Assuming the winning numbers are uniformly distributed, your odds of winning are always directly proportional to the number of (distinct) tickets you buy. Their actual values or how you chose them do not matter.

A bit of probability theory reconciles this with the fact the winning numbers are less likely to be in a subrange. Write $P(A\mid B)$ for the probability that some statement $A$ is true given that $B$ is known to be true. We have $P(A\textrm{ and } B) = P(A\mid B)P(B)$ which states that the probability that $A$ and $B$ hold is equal to the probability that $A$ holds given that $B$ holds times the probability that $B$ holds. This should be intuitively reasonable.

We now have a concrete and an abstract way of illustrating the above. Assume that each number has 100 possible values and we only consider tickets where the first number is 39, say. Then our two statements are $A$="I won." (i.e. the *specific* ticket I bought, which starts with 39, was chosen), and $B$="The winning ticket started with 39." It should be obvious that $P(B)$ is 1% corresponding to the fact that there is only a 1/100 chance that the winning numbers start with 39. However, if I knew the first number was 39, then any ticket starting with 39 is now 100 times more likely to be a winner, i.e. $P(A \mid B) = 100P(A)$. (This is balanced by the fact that every ticket not starting with 39 now has zero chance of being a winning ticket.) These clearly cancel out giving $P(A\textrm{ and }B) = 100P(A)/100 = P(A)$. It should be clear that this would work for any subset. However much you restrict the possibilities you choose from will be balanced out by having each choice out of those possibilities being more likely *given the winning ticket is one of those possibilities*.

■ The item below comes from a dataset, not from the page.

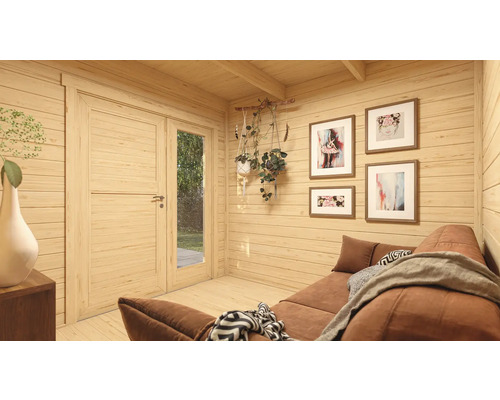 Vue intérieure d'une maison en bois avec canapé et décoration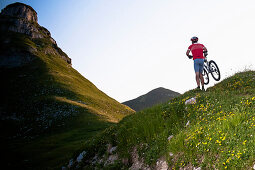 Mountainbiker im Gelände, Steiermark, Österreich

A more abstract but much simpler proof that $P(A\textrm{ and } B) = P(A)$ in this case is just to note that $A$ implies $B$. That is, "my ticket, which starts with 39, was the winner" implies that "the winning ticket starts with 39". Thus *logically* $(A\textrm{ and }B)$ is equivalent to just $A$. So we immediately have that they have the same probability, i.e. $P(A\textrm{ and }B) = P(A)$.